Headline or food inflation directly impacted the lives of the people, in particular, the low-income strata of the society. It is also the most problematic issue to be resolved. The successive governments remained unable to address this issue for years, resulting in dependence on the imported food items and agricultural raw materials.

Pakistan’s agricultural productivity, compared with the countries across the globe, is less than 50 per cent in the five main crops of wheat, cotton, rice, sugarcane and maize.

We need to change the mindset and take administrative measures to reduce the prices. The policymakers should realise the importance of the agriculture sector and make efforts to redefine the role of the government in commodity operations by improving regulations and research.

The new government should increase the spending on research, provide incentives to improve crop patterns and create a link between universities and research institutions with the farmers for better yields.

A higher GDP growth rate results in a sharp increase in the domestic commodities supply and; thereby, restricts price rises.


According to the FAO estimates, the global food import bill in 2021 would be the highest-ever of over $1.75 trillion, a 14 per cent increase from 2020.

Another significant factor is financial speculation in food markets, which has played its role in food price unpredictability. This means some low-income countries such as Pakistan could be out of the global food markets.
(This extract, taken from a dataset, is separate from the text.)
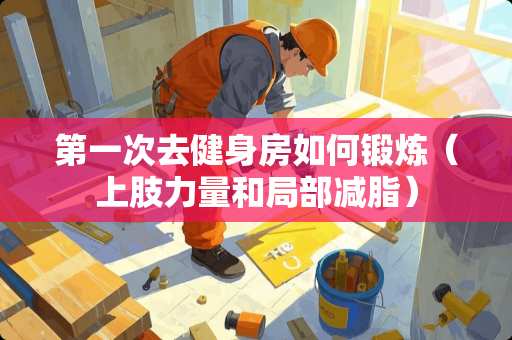 第一次去健身房如何锻炼（上肢力量和局部减脂）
Pakistan needs to enforce agriculture reforms as soon as possible to capture the market gains by enhancing productivity and ensuring administrative action against hoarding. Fixing the woeful productivity is the only way out of the present mess.

The thrust of the initiatives should be to reduce food inflation, as it erodes the buying power of the vulnerable people.

Yes, inflation is expected to remain high in 2022 but short- and long-term measures can be brought for improved inflation targets.

Managing supply of commodities, cheaper fuel, improvement in the performance of competitive markets and rupee stability can prove to be a game changer for the country. These actions will definitely bring down the inflation rate to around 5 to 7 per cent in the coming years.


To tame inflation, we need to realise the interaction between the demand and supply chain and also make efforts to enhance productivity.